BEGIN Task input
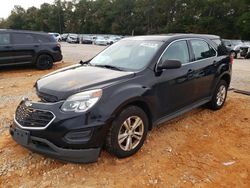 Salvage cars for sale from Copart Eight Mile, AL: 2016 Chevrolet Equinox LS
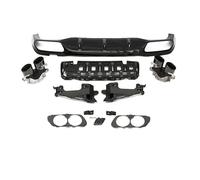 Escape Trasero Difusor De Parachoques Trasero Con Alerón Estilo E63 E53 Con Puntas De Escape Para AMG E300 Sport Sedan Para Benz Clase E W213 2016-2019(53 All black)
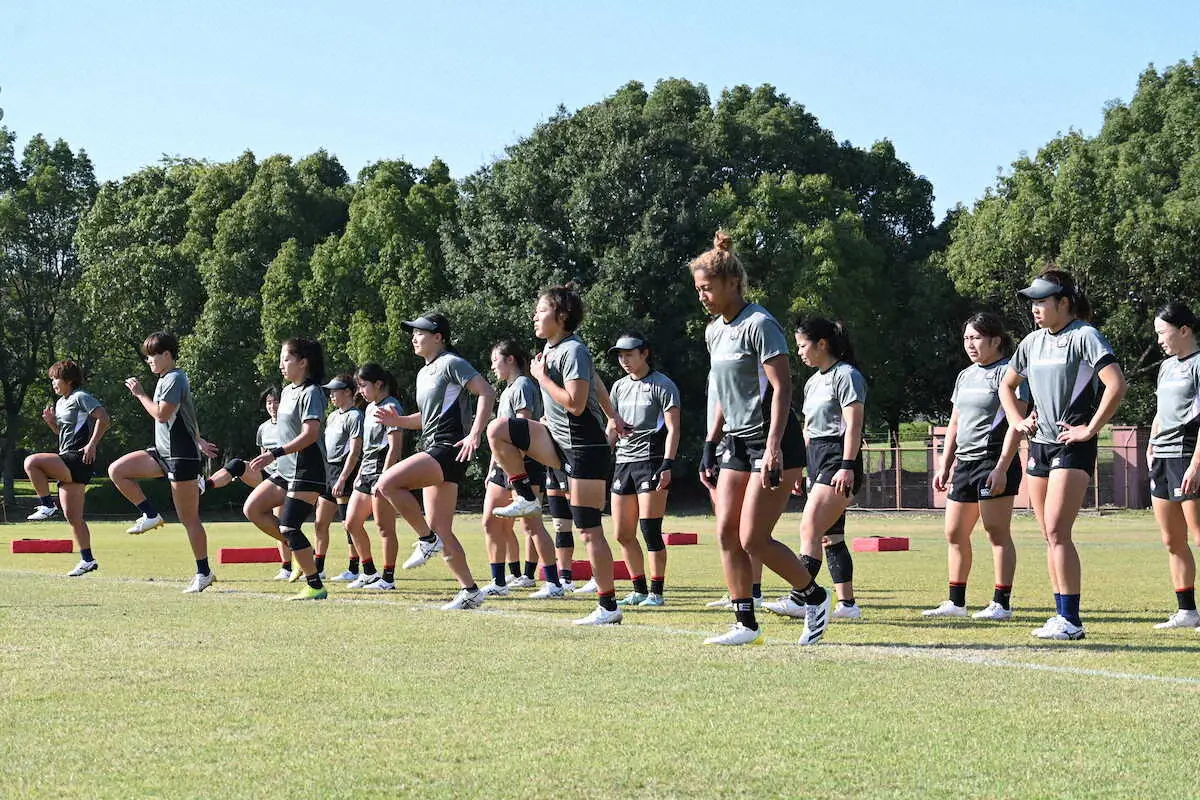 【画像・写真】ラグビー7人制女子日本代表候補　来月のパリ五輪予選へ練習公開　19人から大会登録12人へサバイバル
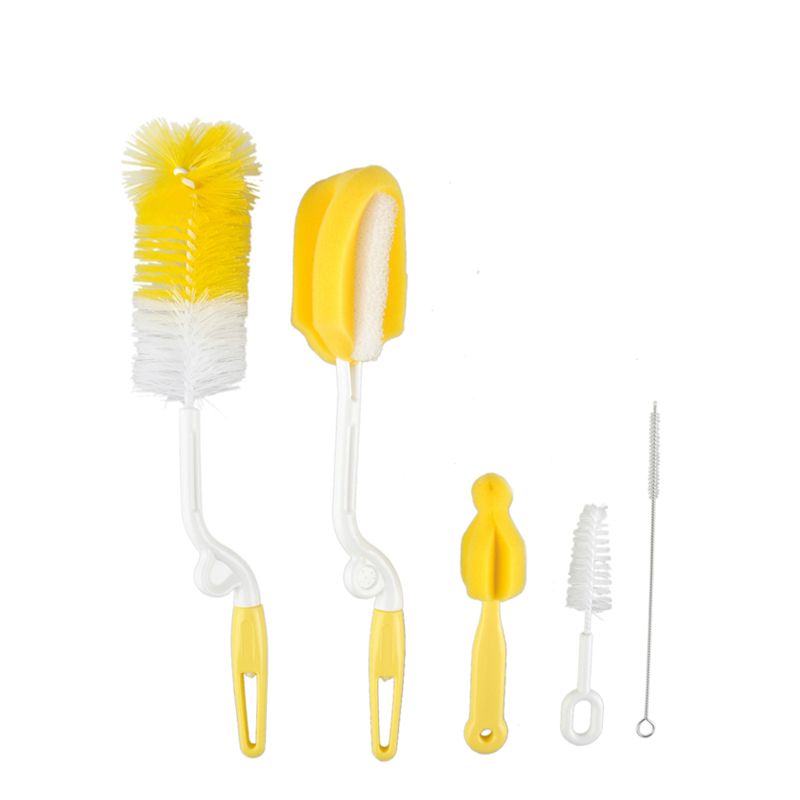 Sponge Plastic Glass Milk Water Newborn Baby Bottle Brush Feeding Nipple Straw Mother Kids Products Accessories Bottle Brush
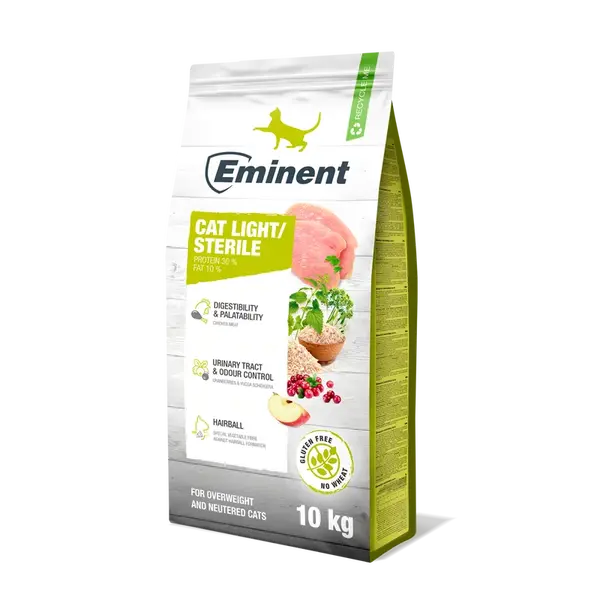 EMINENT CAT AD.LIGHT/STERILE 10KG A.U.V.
END Task input
BEGIN Task input
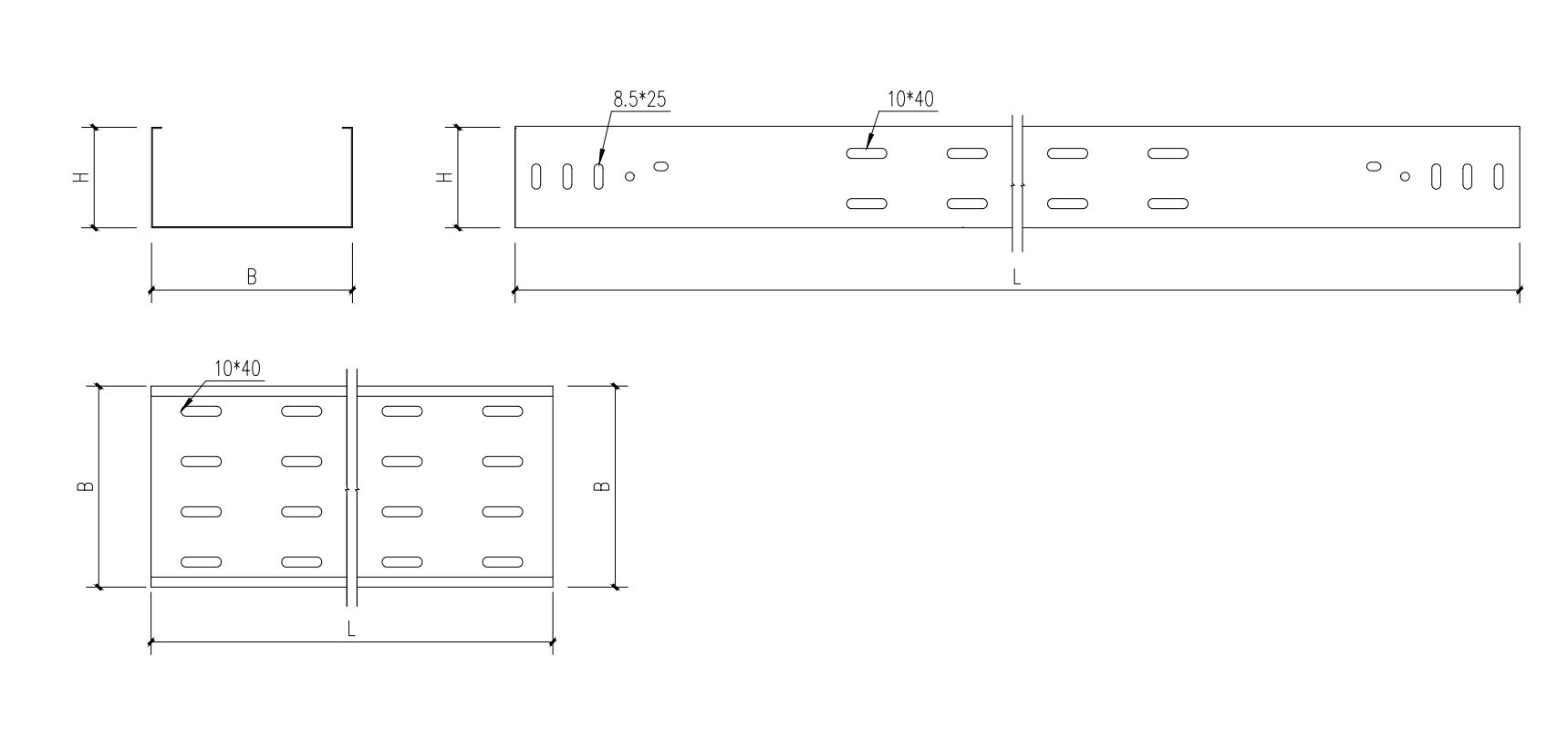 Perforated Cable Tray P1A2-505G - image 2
END Task input
BEGIN Task input
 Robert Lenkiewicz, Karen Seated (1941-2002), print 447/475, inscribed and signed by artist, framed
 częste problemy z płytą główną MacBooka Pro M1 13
END Task input
* Aim of the task *
Could you restate, word for word, the lines above from the one with "Robert Lenkiewicz, Karen" to the one with "częste problemy z", both included?

* Output of the task *
 Robert Lenkiewicz, Karen Seated (1941-2002), print 447/475, inscribed and signed by artist, framed
 częste problemy z płytą główną MacBooka Pro M1 13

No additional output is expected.